### Exercise objective
Please repeat the entries word for word and keep the images out.

----

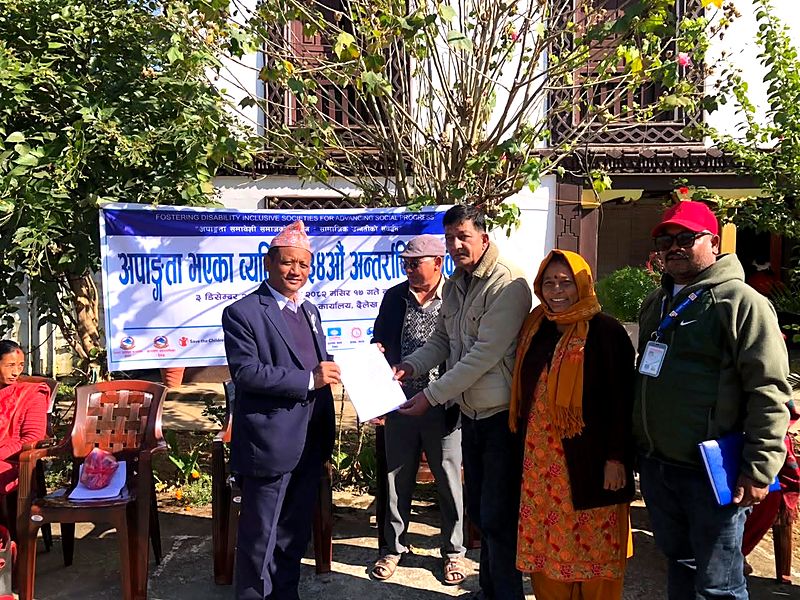 PDDF representatives handing a memorandum to an official in front of a banner for the International Day of Persons with Disabilities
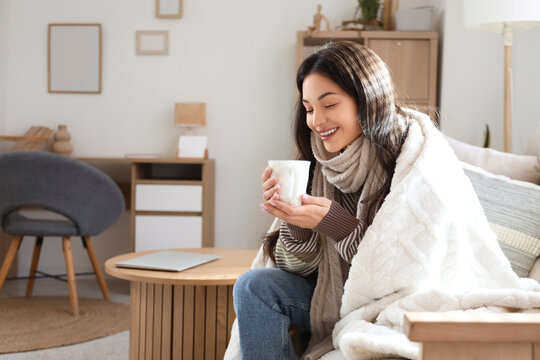 Young woman with warm plaid and cup of coffee at home on winter day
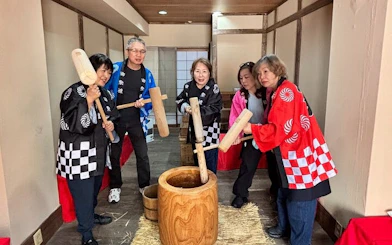 Group participating in traditional mochi pounding in Japan, wearing colorful costumes.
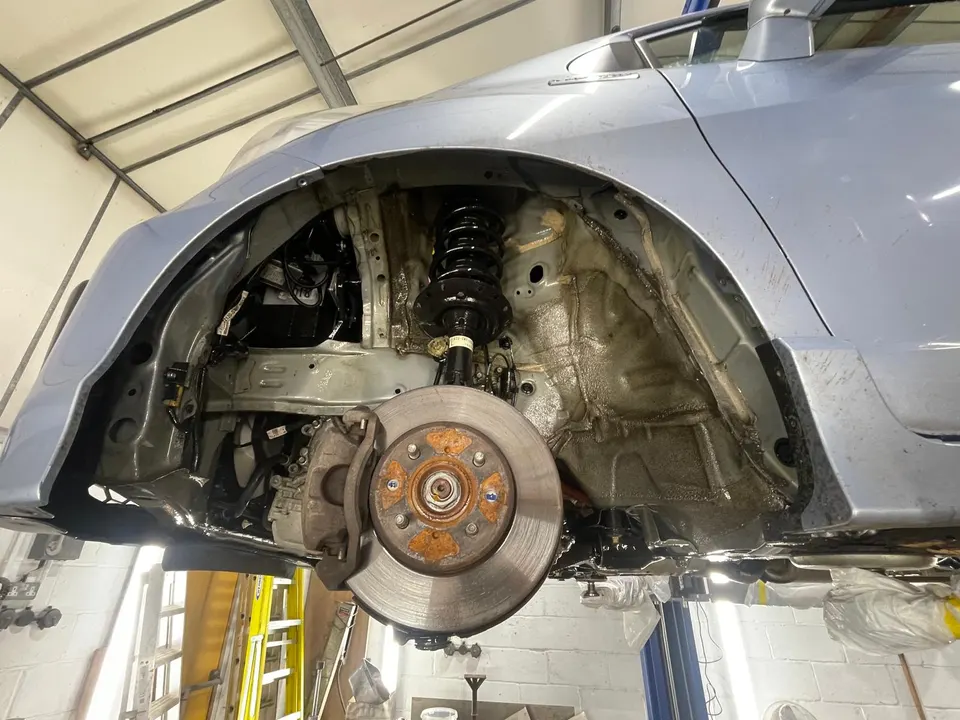 Front wheel arch with the liner removed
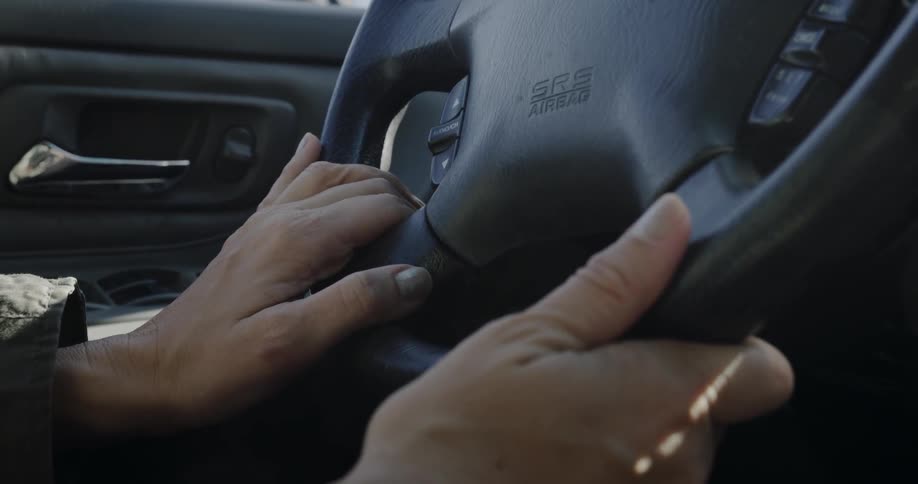 A person is steering a vehicle on a sunny day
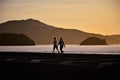 Couple walking on the edge of MassaguaÃ§u beach at dawn Royalty Free Stock Photo
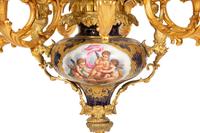 A Pair of Sèvres Style Porcelain and Gilt Bronze Nine-Light Chandeliers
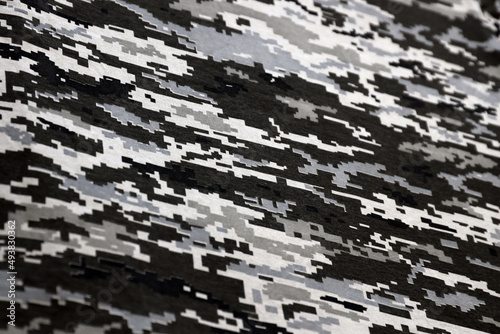 Fabric with texture of Ukrainian military pixeled camouflage. Cloth with camo pattern in grey, brown and green pixel shapes. Official uniform of Ukrainian soldiers photo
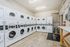 Modern laundry room with multiple high-efficiency washers and dryers, bright lighting, and spacious wooden flooring for convenience and comfort.
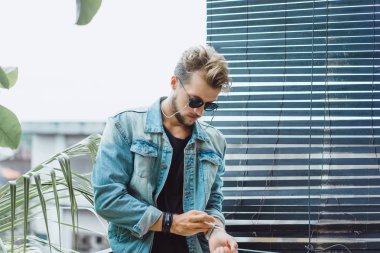 tropikal bir yerde, palmiye ağaçları ve yeşil, güneş gözlüklü bir arka plan üzerinde poz genç çekici adam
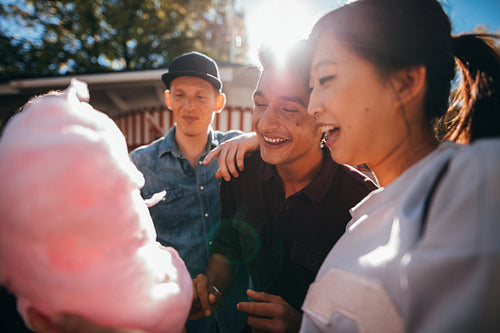 Three friends eating candy floss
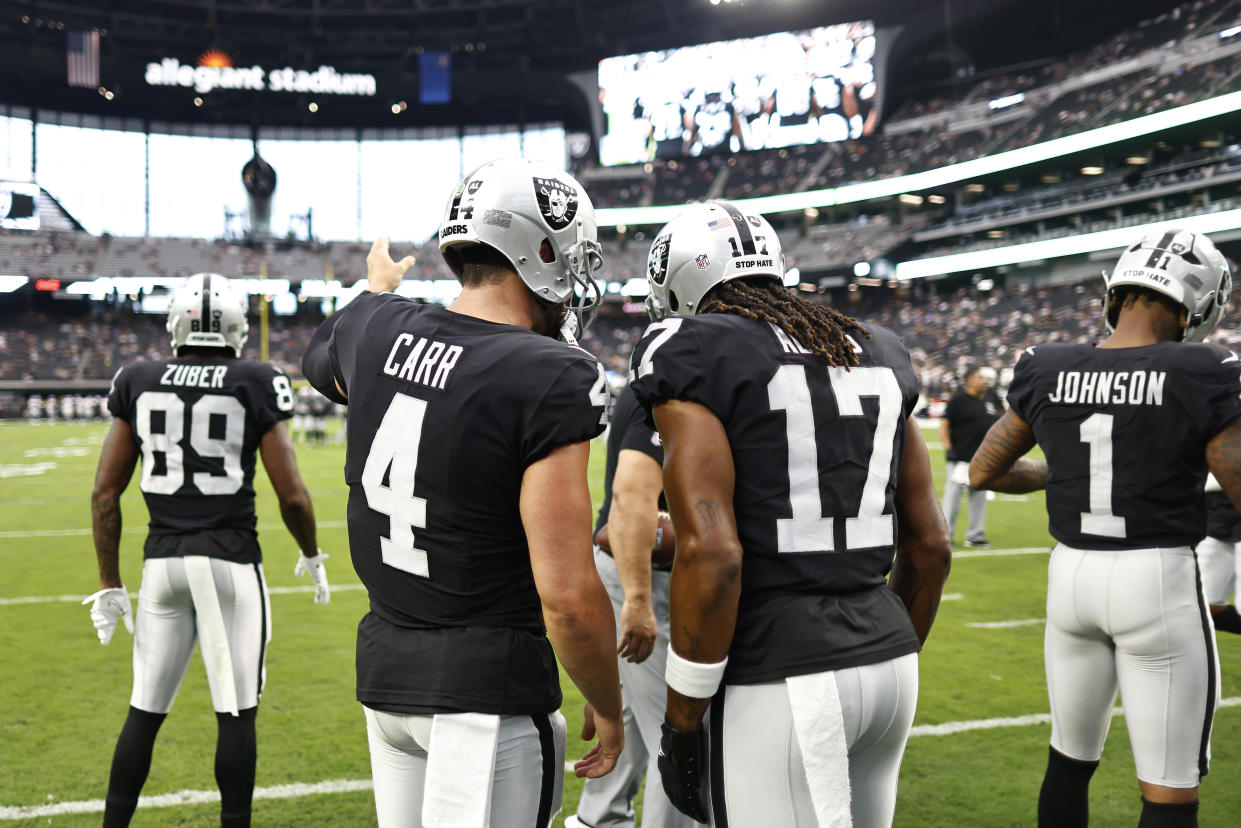 LAS VEGAS, NEVADA - AUGUST 14: Derek Carr #4 of the Las Vegas Raiders and Davante Adams #17 of the Las Vegas Raiders chat prior to a preseason game against the Minnesota Vikings at Allegiant Stadium on August 14, 2022 in Las Vegas, Nevada. (Photo by Michael Owens/Getty Images)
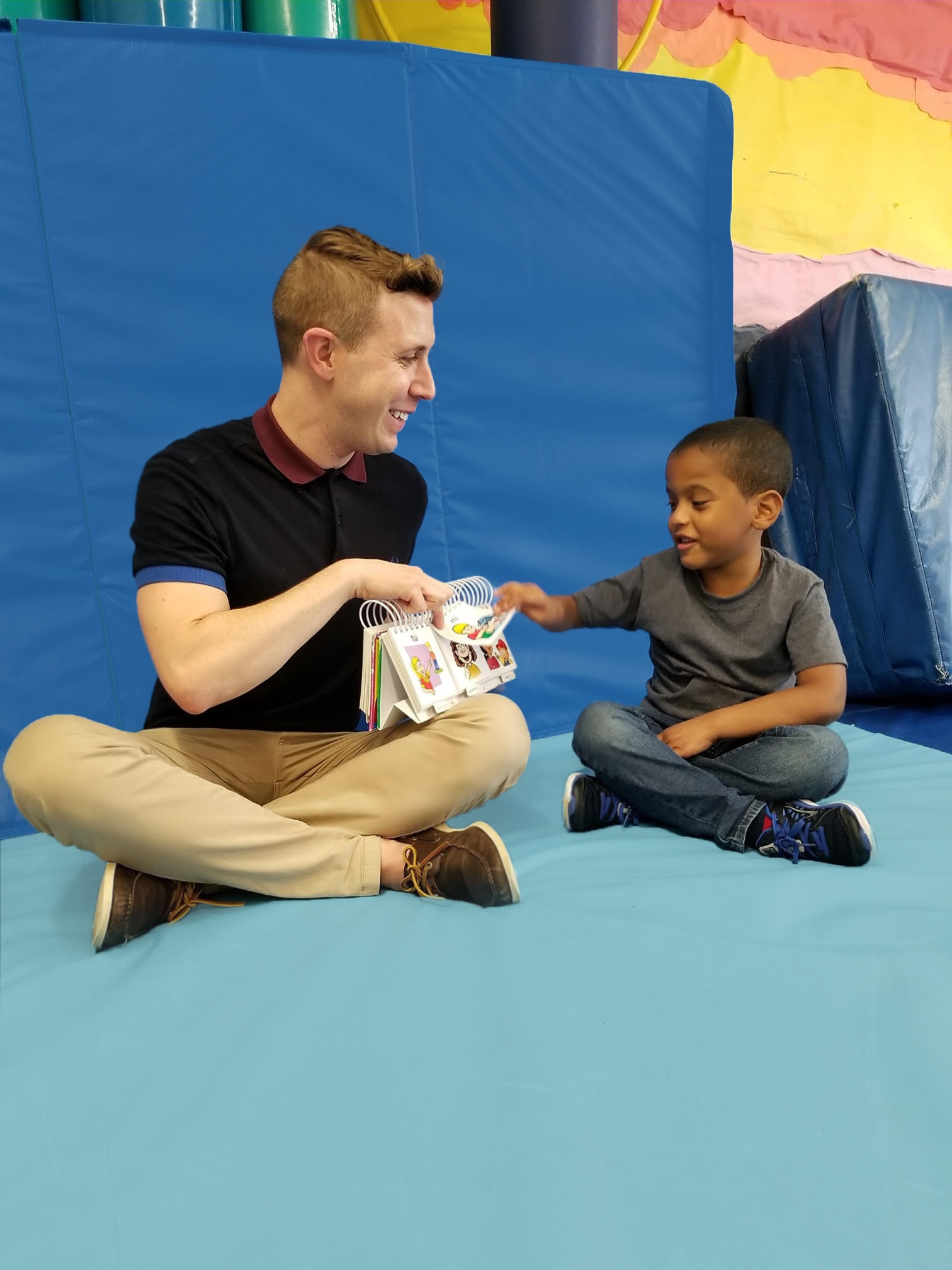 Daniel and student with a book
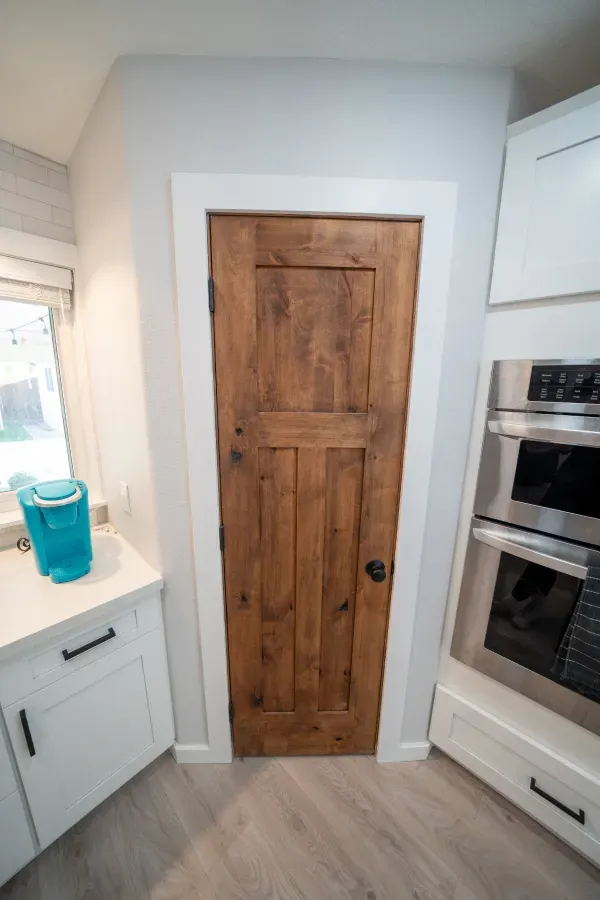 A kitchen with a wooden door and stainless steel appliances.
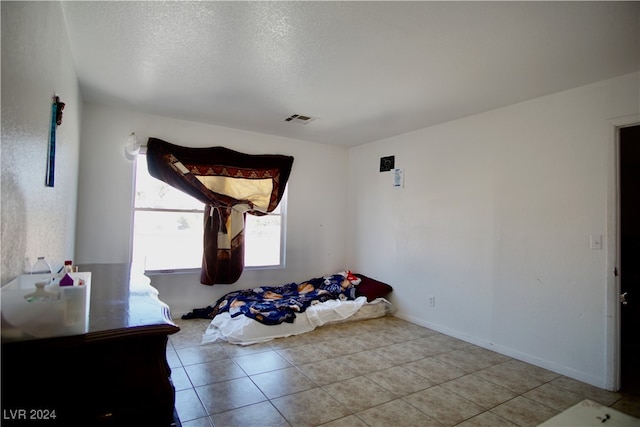 bedroom featuring light tile patterned floors and a textured ceiling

----

### Finished task
 PDDF representatives handing a memorandum to an official in front of a banner for the International Day of Persons with Disabilities
 Young woman with warm plaid and cup of coffee at home on winter day
 Group participating in traditional mochi pounding in Japan, wearing colorful costumes.
 Front wheel arch with the liner removed
 A person is steering a vehicle on a sunny day
 Couple walking on the edge of MassaguaÃ§u beach at dawn Royalty Free Stock Photo
 A Pair of Sèvres Style Porcelain and Gilt Bronze Nine-Light Chandeliers
 Fabric with texture of Ukrainian military pixeled camouflage. Cloth with camo pattern in grey, brown and green pixel shapes. Official uniform of Ukrainian soldiers photo
 Modern laundry room with multiple high-efficiency washers and dryers, bright lighting, and spacious wooden flooring for convenience and comfort.
 tropikal bir yerde, palmiye ağaçları ve yeşil, güneş gözlüklü bir arka plan üzerinde poz genç çekici adam
 Three friends eating candy floss
 LAS VEGAS, NEVADA - AUGUST 14: Derek Carr #4 of the Las Vegas Raiders and Davante Adams #17 of the Las Vegas Raiders chat prior to a preseason game against the Minnesota Vikings at Allegiant Stadium on August 14, 2022 in Las Vegas, Nevada. (Photo by Michael Owens/Getty Images)
 Daniel and student with a book
 A kitchen with a wooden door and stainless steel appliances.
 bedroom featuring light tile patterned floors and a textured ceiling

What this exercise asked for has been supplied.